# [Instructions to follow]
What's needed is an exact copy of all the data below, without pictures.
─── Data for the task
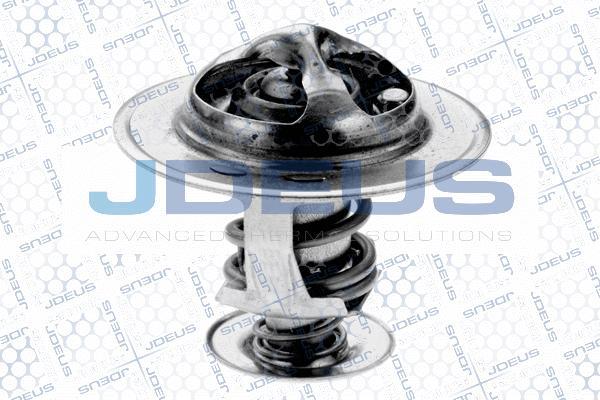 Jdeus TH0190004 - Termostato, Refrigerante autozon.pro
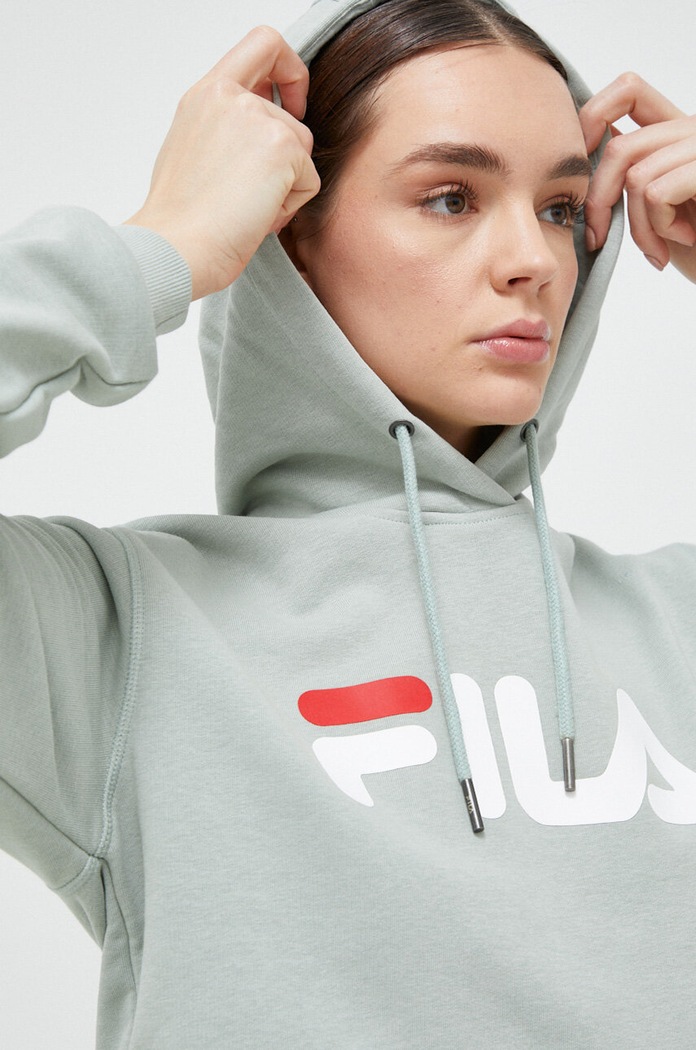 Mikina Fila Barumini FAU0068.SS23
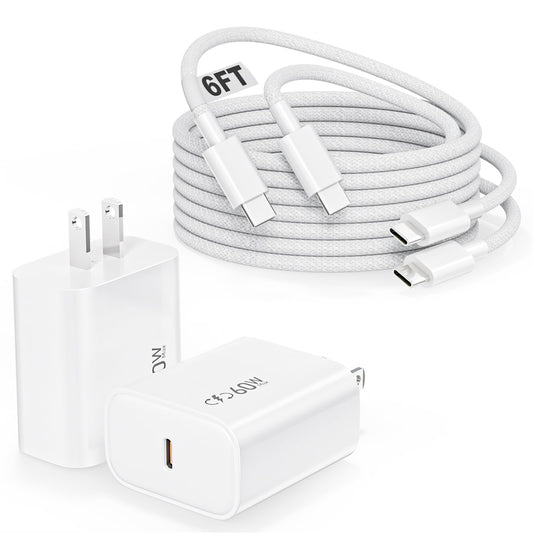 10FT Fast Charging Cord for iPhone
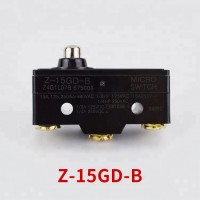 Elevator brake switch 3BR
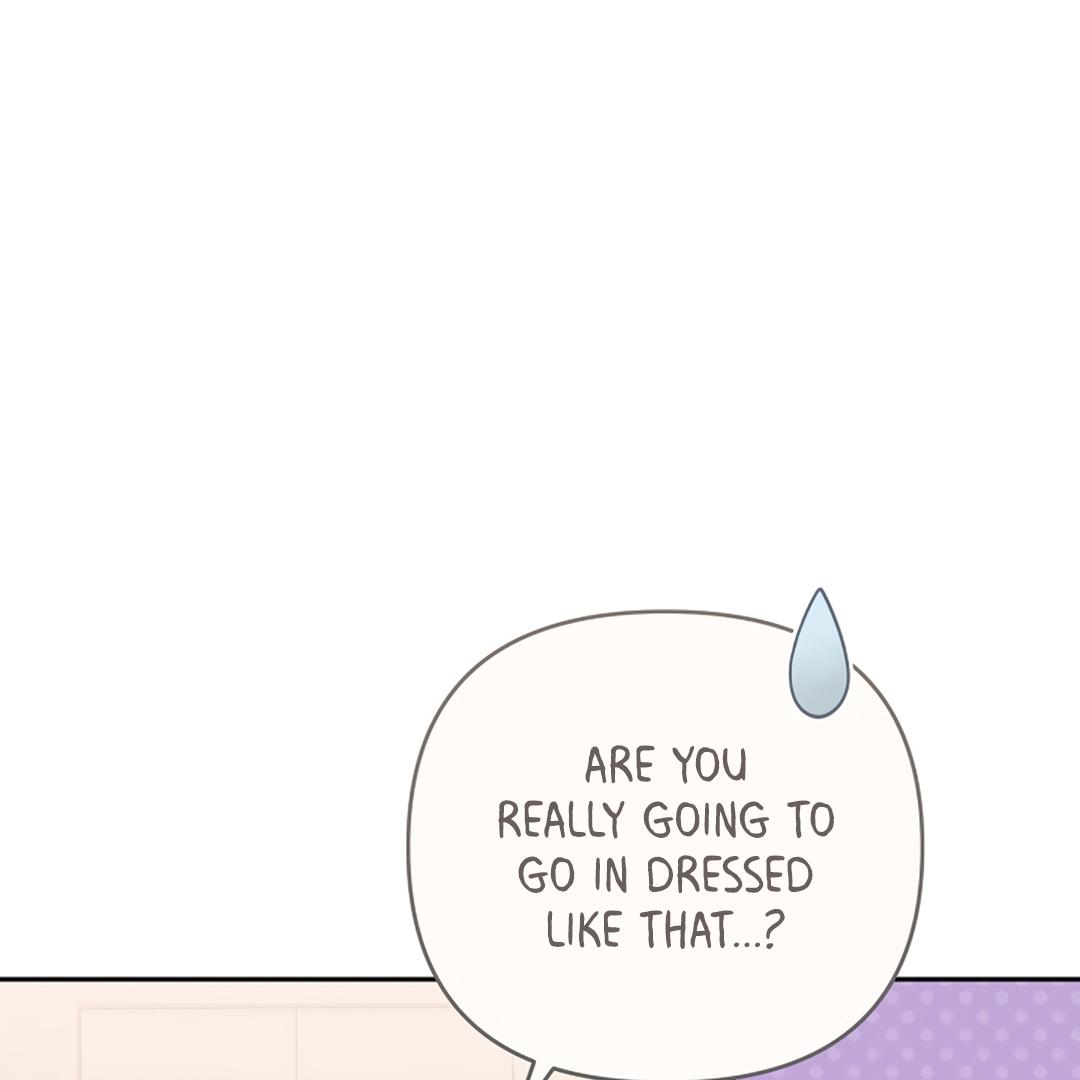 Romance, But Not Romantic Chapter 35 page 20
──────
# [Exercise answer]
 Jdeus TH0190004 - Termostato, Refrigerante autozon.pro
 Mikina Fila Barumini FAU0068.SS23
 10FT Fast Charging Cord for iPhone
 Elevator brake switch 3BR
 Romance, But Not Romantic Chapter 35 page 20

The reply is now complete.